By Errol Castens/NEMS Daily Journal
OXFORD – When Oxford hired Standard Parking last year to create more turnover of storefront parking downtown, the Chicago-based company promised the service would be close to revenue-neutral.
In nearly seven months since, the city has seen about $1,100 in collections, with the fiscal year’s expenses still projected at more than $200,000.
Mayor Pat Patterson, members of the Parking Commission and Standard Parking representatives met Thursday to discuss the shortfall.
Ed Urrutia, SP regional manager, said the system is reshaping drivers’ behavior, as city officials had hoped.
“Once a citizen gets that courtesy violation, they’re doing what they’re supposed to be doing,” he said.

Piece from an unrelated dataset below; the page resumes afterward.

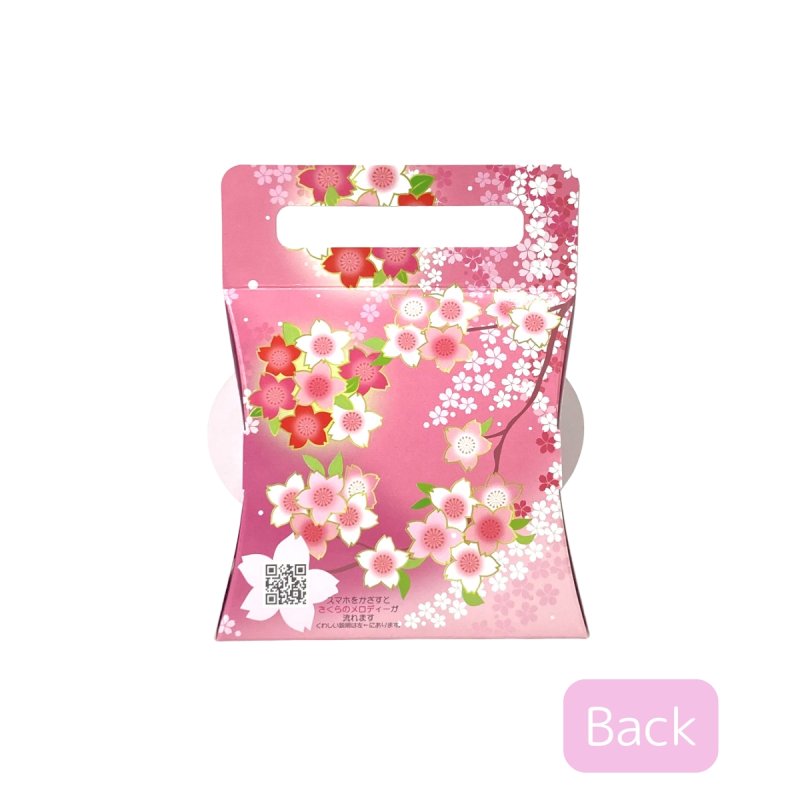 画像6: さくらメロディキャリー　100枚/50枚　＠1枚あたり75.79〜91.48円 (6)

That echoed Mayor Pat Patterson’s statement at Tuesday’s board meeting: “There’s no arguing that from a parking standpoint it’s been successful. From a revenue standpoint, it’s anything but successful.”
Urrutia said ticket-writing is not discretionary for the system, which uses optical equipment and computers instead of human observation.
Patterson, however, said he tested the system twice this week by asking employees to park in storefront spaces.
One got a ticket after nearly five hours, the other not at all, he said.
“Over the last several months I’ve seen the (enforcement) vehicle scores of times, but I don’t remember ever seeing it stopped and (the employee) writing tickets,” said Parking Commission member Tom Sharpe.
City Planner Tim Akers said, “Budget time’s coming up, and we need to have a new strategy in place with some pretty dramatic improvements before our board would be comfortable with this again.”
Both Sharpe and Patterson voiced a hope that aldermen might revisit the metered-parking proposal that they rejected last year, especially in light of another 100 free, off-street spaces opening this summer.
Urrutia defended his high-compliance argument but said managers would come to Oxford to run the system themselves for a week to check the system. He and Bill Foster, another SP regional manager, said they would have further recommendations on July 12.
Patterson said the city could not go back to its former lax enforcement under which downtown employees often took up precious storefront parking, but neither could it justify such expense.
“It’s a delicate balance between enforcing parking and driving business away,” he said. “I know enforcement would cost something; it’s a legitimate city cost – but not $250,000.”